MIT CISR

Confidence 0.75 · 1 source · last confirmed 2026-04-28

The MIT Center for Information Systems Research is a research center at the MIT Sloan School of Management, focused on how organizations use technology and data to compete and create value. Studies digital business models, IT investment portfolios, AI maturity, and large-enterprise transformation.

Role in the wiki

A primary research source for enterprise transformation in the digital economy — methodologically distinct from McKinsey-style consulting research (which underpins much of the AI Index adoption data). MIT CISR’s lens is stage-based maturity models rather than per-function adoption rates.

Key methodological instruments mentioned in the wiki:

  • Future Ready Survey (last published wave used: 2022, N=721) — large-N quantitative input.
  • Executive interviews (e.g., 2024: 16 executives at 9 enterprises) — qualitative depth on transitions.
  • Combined into maturity scoring (0–100% Total AI Effectiveness scale, banded into stages).

Frameworks attributed to MIT CISR (in the wiki)
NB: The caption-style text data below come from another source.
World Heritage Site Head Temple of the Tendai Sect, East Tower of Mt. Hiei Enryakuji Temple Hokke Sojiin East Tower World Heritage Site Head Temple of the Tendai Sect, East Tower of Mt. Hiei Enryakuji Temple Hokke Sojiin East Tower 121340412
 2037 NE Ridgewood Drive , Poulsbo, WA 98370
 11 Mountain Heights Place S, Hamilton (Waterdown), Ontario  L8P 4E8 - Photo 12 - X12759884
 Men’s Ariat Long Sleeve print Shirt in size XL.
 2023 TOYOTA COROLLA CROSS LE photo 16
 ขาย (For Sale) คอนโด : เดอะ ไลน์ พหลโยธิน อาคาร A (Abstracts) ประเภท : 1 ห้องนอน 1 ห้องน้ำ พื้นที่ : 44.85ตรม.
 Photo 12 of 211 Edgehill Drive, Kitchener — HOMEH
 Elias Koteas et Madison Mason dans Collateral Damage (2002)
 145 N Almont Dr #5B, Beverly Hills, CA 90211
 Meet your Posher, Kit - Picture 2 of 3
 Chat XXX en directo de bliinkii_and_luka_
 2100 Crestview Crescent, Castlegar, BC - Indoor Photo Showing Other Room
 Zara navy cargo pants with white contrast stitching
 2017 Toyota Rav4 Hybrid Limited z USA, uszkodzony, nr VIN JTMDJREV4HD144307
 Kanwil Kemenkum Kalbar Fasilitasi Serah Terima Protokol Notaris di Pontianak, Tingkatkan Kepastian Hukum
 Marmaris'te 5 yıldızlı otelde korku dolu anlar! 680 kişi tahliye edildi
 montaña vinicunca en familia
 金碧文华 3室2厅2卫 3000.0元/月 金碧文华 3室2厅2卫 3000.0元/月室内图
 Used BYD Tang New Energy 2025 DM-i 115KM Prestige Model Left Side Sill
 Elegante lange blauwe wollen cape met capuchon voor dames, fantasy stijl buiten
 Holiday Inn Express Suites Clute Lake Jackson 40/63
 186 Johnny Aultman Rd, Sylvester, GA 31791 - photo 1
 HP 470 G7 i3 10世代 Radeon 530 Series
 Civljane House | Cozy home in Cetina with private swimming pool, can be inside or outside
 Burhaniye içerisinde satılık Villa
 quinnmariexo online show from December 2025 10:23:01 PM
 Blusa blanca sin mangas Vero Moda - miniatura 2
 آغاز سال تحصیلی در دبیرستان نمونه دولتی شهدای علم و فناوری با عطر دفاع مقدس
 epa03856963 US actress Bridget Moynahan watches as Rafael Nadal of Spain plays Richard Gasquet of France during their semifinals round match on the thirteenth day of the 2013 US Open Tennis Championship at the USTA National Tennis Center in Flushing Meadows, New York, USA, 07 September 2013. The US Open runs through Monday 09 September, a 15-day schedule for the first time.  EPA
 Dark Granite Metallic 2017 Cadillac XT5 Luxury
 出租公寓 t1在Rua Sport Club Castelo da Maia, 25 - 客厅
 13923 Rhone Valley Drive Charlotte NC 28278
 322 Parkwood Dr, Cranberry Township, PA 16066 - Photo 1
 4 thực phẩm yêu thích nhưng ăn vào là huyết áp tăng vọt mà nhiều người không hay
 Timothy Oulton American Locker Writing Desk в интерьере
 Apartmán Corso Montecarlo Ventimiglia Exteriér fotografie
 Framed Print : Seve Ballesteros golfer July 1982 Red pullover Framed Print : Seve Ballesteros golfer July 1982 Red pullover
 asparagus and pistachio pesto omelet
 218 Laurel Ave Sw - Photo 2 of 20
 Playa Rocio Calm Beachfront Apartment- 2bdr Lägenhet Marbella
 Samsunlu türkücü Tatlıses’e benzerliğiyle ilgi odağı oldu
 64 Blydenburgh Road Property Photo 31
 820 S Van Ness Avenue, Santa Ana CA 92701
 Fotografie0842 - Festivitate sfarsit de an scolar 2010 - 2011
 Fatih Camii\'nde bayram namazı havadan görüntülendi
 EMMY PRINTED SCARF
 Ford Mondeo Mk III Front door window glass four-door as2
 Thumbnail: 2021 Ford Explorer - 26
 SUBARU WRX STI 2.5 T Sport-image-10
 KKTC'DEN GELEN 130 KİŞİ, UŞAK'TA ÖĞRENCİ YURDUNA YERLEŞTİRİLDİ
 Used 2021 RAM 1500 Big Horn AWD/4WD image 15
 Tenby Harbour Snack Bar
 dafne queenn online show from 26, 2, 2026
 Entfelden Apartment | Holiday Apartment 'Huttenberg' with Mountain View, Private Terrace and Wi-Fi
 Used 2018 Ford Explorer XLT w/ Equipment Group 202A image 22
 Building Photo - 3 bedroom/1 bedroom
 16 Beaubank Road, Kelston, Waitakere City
  • Four Stages of Enterprise AI Maturity — see MIT Sloan article and enterprise-ai-adoption.
  • Four S Framework (Strategy / Systems / Synchronization / Stewardship) — challenges to scale Stage 2 → Stage 3.

Notable people (mentioned in this wiki)

  • Stephanie Woerner — Principal research scientist at MIT Sloan, Director of MIT CISR.
  • Peter Weill — Senior research scientist at MIT Sloan, Chairman of MIT CISR.
  • Ina Sebastian — Research scientist at MIT CISR (digital partnering, value creation, value capture).
  • Evgeny Káganer — Research collaborator (also professor at IESE Business School).

Open questions

  • Funding model and member organizations of CISR (it’s typically a member-funded research center; details to fill in as more sources reference it).
  • Earlier Future Ready Survey waves (pre-2022) and how methodology has evolved.